Yeah it's crazy 970s still cost more even used. You should keep your complex mathematics to yourself so all the crypto miners don't catch on and make a fortune!
 

codgerface

TS Booster
Great revisit, Steve! This will be very helpful for plenty of 290/970 owners contemplating their path forward. Appreciate the hard work.

...

2) The R9 390 was a competition for the GTX 970 for slightly longer. 10 months after the R9 290, the GTX 970 was released as you mentioned. The R9 290 competed for 9 months with the GTX 970, until the R9 390 was released. It was slightly improved to be direct competition for the GTX 970 up until the RX480 was release, which was 12 months later. The GTX 970 was released between them. You basically gave nVidia the slight upper hand by having their card that released almost a year later specifically designed to tackle the competition, and (accidentally) robbing AMD of the same chance.
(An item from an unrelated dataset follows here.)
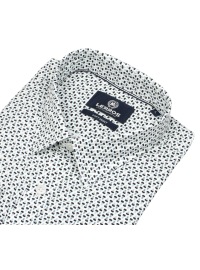 Lerros Hemd - Regular Fit - Kentkragen - feines Muster - blau / türkis - Thumbnail ID: arimo3153a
And then you compare it to the GTX 1060 and RTX 2060...? What is this? Advertisement for nVidia?

...
Oh, you haven't seen the Hardware Unboxed videos where he unboxes the monthly cash stipend from nvidia? It's beautiful. Sometimes he streams it live and you can watch as he straight up just types in extra fps for the nvidia cards based on how many stacks of hundreds they sent him.

Sound preposterous? Yes. Cool, I was just trying to keep my story as whack-a-doo as your constant "AMD oppression" conspiracy hunt.

I mean, you couldn't pick a worse target to accuse of clandestine bias... the gold standard of rigorous benchmarking who uses n=30+ for his data and conclusions, and who consistently recommends AMD products when the data/value warrants it.

Also, they're 5 year old cards! I feel like I'm taking crazy pills!
 

NightAntilli

TS Maniac
Great revisit, Steve! This will be very helpful for plenty of 290/970 owners contemplating their path forward. Appreciate the hard work.



Oh, you haven't seen the Hardware Unboxed videos where he unboxes the monthly cash stipend from nvidia? It's beautiful. Sometimes he streams it live and you can watch as he straight up just types in extra fps for the nvidia cards based on how many stacks of hundreds they sent him.

Sound preposterous? Yes. Cool, I was just trying to keep my story as whack-a-doo as your constant "AMD oppression" conspiracy hunt.

I mean, you couldn't pick a worse target to accuse of clandestine bias... the gold standard of rigorous benchmarking who uses n=30+ for his data and conclusions, and who consistently recommends AMD products when the data/value warrants it.

Also, they're 5 year old cards! I feel like I'm taking crazy pills!
And yet you can bring not one relevant fact to prove me wrong. False equivalencies and appeals to ridicule are cheap tactics that don't convince anyone that is capable of critical thinking.